Şunu anlamamakta hala neden ısrar ediliyor ben de bunu anlamış değilim. Davetler kişiye özeldir. Yani davet edecek niteliğe sahip kişi (başkası değil

) kendi davetini kendi almalıdır evrenden. Daveti evrenden indirmeyi bilmeyen zaten davet de edemez, etmeye de hazır değildir. Diyelim davet gerçekleşti. Ne yapacağı sanılıyor? Bel geldim, hadi sormak istediklerini sor, demesi beklenmiyor herhalde ya da dileklerini söyle gerçekleştireyim, emrine amadeyim gibi bir komedi beklemiyorsunuzdur.

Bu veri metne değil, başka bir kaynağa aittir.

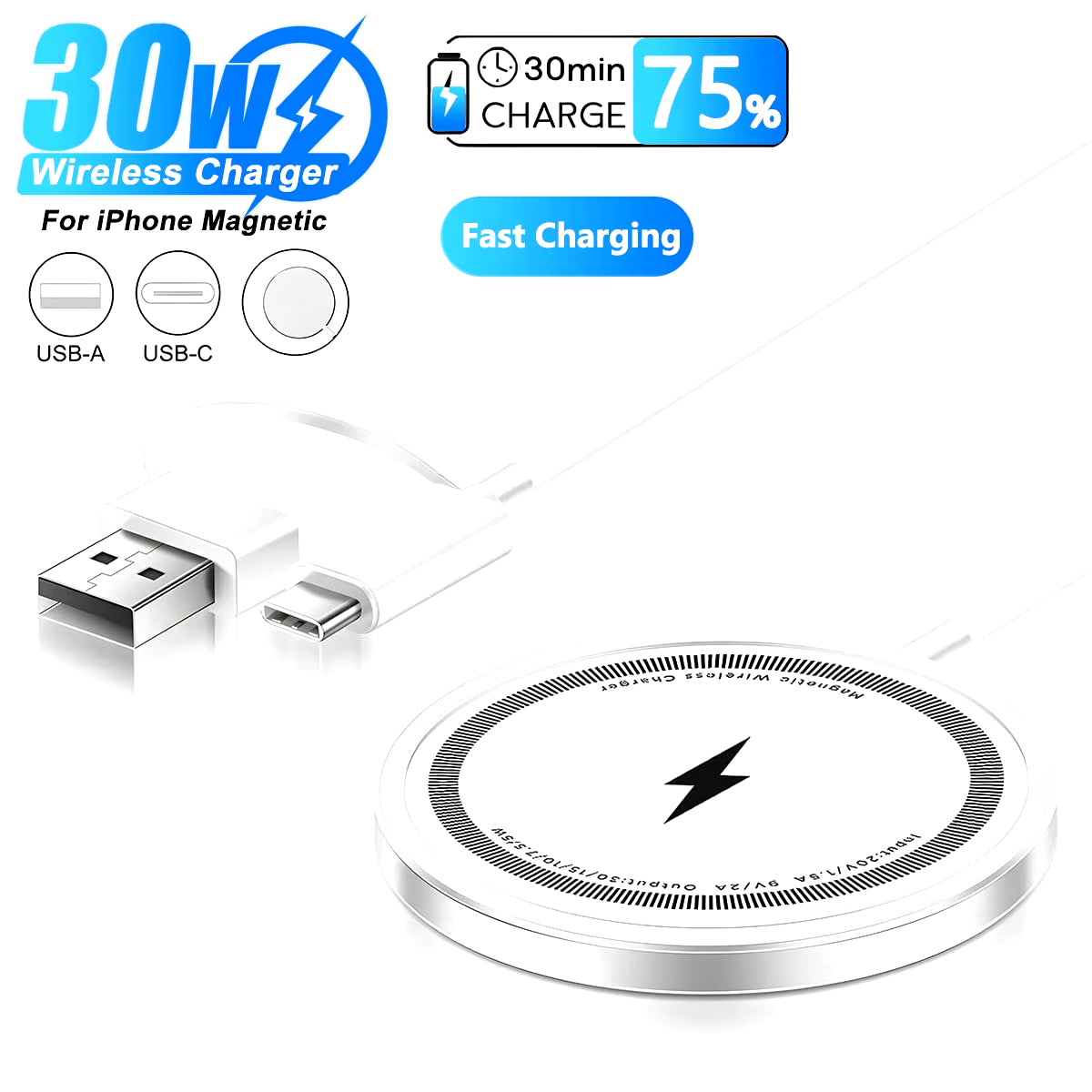 30W Magnetic Chargers Type C Fast Wireless Charger Pad Stand for Iphone 16 15 14 13 12 Pro Max PD Macsafe Phone Charging Dock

Ortalıkta saçma sapan filancayı şu şekilde davet edebiliriz, şöyle olur böyle olur vs diye yazışmalar uçuşuyor, aslı var mıdır? Elbeteki hayır. Ama inanan ve bu işin böyle olduğunu sanan, boş umuda kapılıp sonunda hayal kırıklığına uğrayan insan çok ne yazık ki.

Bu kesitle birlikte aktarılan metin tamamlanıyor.